One such example of successful partnership includes the Women’s Entrepreneurship Development Program byWalmart India. Launched in 2016 in partnership with WEConnect International, the program aims to equip women-owned businesses with professional and life skills needed to build a sustainable business. The 2019 program itself saw 120 applicants from 11 different states in India that were taken through a series of trainings including learning modules on resource management, marketing, finance, business strategy, operations, legal, and compliance. This program saw engagement from nearly ten top executives including reinvigoration by President & CEO of Walmart India,Krish Lyer, who reaffirmed her commitment to women’s economic empowerment publicly during the graduation ceremony in 2019.
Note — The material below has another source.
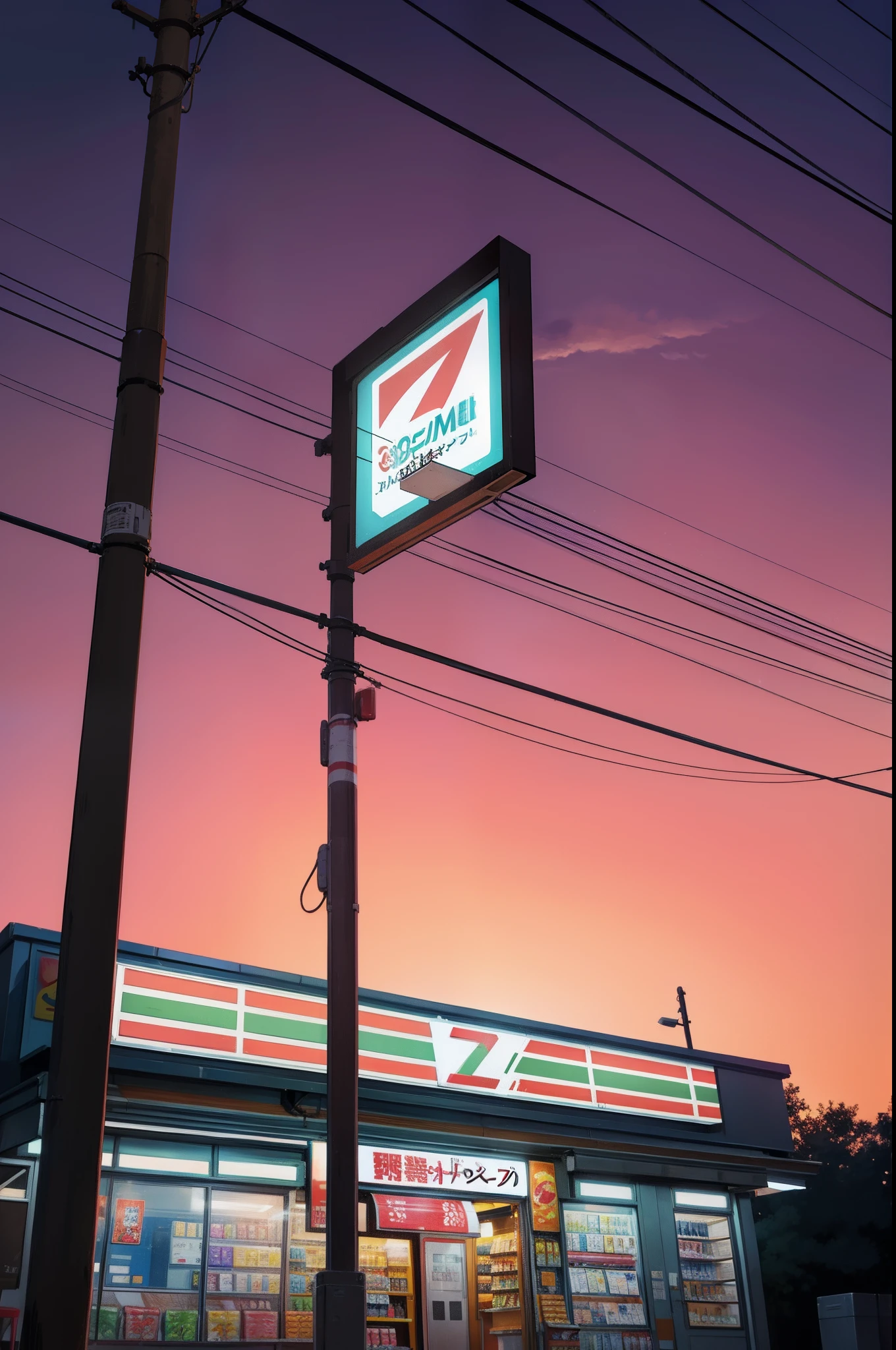 Anime scene by shinkai makoto, 7 eleven convenient store, sunset background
Another prime example comes from WEConnect International’s 2019 Corporate of the year,Procter & Gamble, who has helped provide a ten module training series in China, Turkey, South Africa, Mexico, Nigeria, India, Brazil, Costa Rica, Singapore, and the UK since 2017. Speaking at the 2019 kick-off ceremony in Singapore,Stewart Atkinson, chief purchasing officer,P&G Globalsaid, “At P&G, we are focused on helping remove barriers to economic opportunities for women through sustainable measures and advocacy efforts. We are committed to ensuringwomen-owned businesses are a growing part of our external partners ecosystem. WEConnect International is a strategic partner in our efforts and shares a common vision of providing equal opportunity to women entrepreneurs to help them implement successful business solutions that will ensure mutual sustainable economic growth for partners and P&G.”
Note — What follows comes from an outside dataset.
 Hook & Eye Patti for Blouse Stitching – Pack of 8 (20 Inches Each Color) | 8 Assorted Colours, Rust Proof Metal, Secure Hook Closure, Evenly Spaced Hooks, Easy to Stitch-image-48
Corporations such as these are recognizing the stark lack of access to skills training and networks that continue to be a major obstacle for the growth of women-owned businesses. These initiatives help to build better connections between women-owned businesses and multinational corporations while jointly reinforcing women’s equality in business.
Building a movement towards global supplier diversity has taken over ten years and yet we have failed to move the needle above one percent of global spend with women-owned businesses. The incremental change that we have seen over the last decade, while promising, is not enough to truly level the playing field for women business owners around the world. In order to get more money into the hands of women, corporations must consider who their consumers are, where they are currently doing business, and if their supply chain reflects that diverse customer and employee base. Here is how any corporation, big or small, can start:
- Determine best market to establish supplier diversity efforts outside the U.S.
- Identify current non-U.S. women-owned suppliers
- Determine current spend and establish baseline
- Develop annual supplier diversity spend objectives
- Identify local company advocates
- Build partnerships with organizations, such as WEConnect International and the Women’s Business Enterprise National Council, who provide knowledge and resources on identifying and sourcing from women-owned businesses.